One of the things I added to this blog when I moved from my own software to WordPress was the red and yellow box in the comments section, which defends this blog against comment spam by asking commenters to decipher a couple of words. Such challenge-response systems are called CAPTCHAs (a tortured and unmellifluous acroynm of “completely automated public Turing test to tell computers and humans apart”). What really caught my imagination about the CAPTCHA I’m using, called reCAPTCHA, is that it uses words from books scanned by the Internet Archive/Open Content Alliance. Thus at the same time commenters solve the word problems they are effectively serving as human OCR machines.
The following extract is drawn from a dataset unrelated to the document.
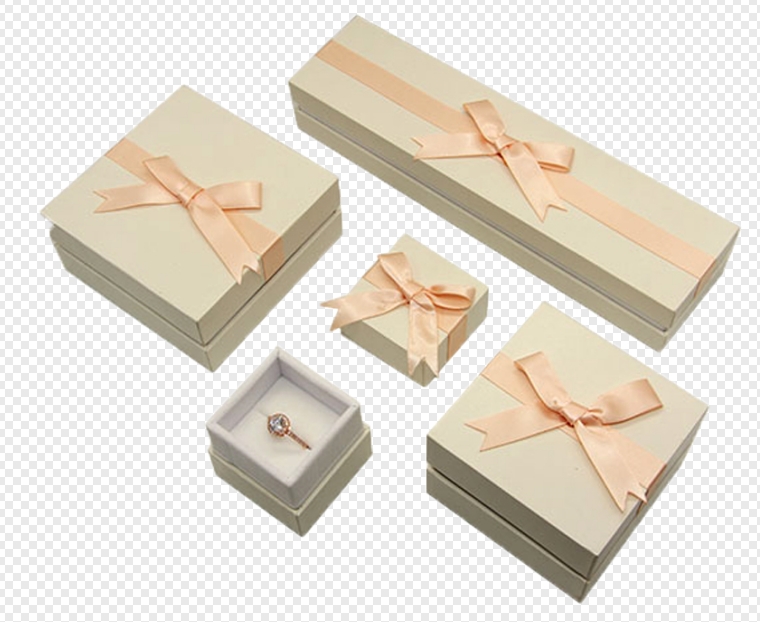 Fornitore di carta per imballaggio di scatole di carta per gioielli personalizzati personalizzati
To date, about two million words have been deciphered using reCAPTCHA (see the article in Technology Review lauding reCAPTCHA’s mastermind, Luis von Ahn), which is a great start but by my calculation (100,000 words per average book) only the equivalent of about 20 books. Of course, it’s really much more than that because the words in reCAPTCHA are the hardest ones to decipher by machine and are sprinkled among thousands of books.
Indeed, that is the true genius of reCAPTCHA—it “tells computers and humans apart” by first using OCR software to find words computers can’t decipher, then feeds those words to humans, who can decipher the words (proving themselves human). Therefore a spammer running OCR software (as many of them do to decipher lesser CAPTCHAs), will have great difficulty cracking it. If you would like an in-depth lesson about how reCAPTCHA (and CAPTCHAs in general) works, take a listen to Steve Gibson’s podcast on the subject.
The brilliance of reCAPTCHA and its simultaneous assistance to the digital commons leads one to ponder: What other aspects of digitization, cataloging, and research could be aided by giving a large, distributed group of humans the bits that computers have great difficulty with?
And imagine the power of this system if all 60 million CAPTCHAs answered daily were reCAPTCHAs instead. Why not convert your blog or login system to reCAPTCHA today?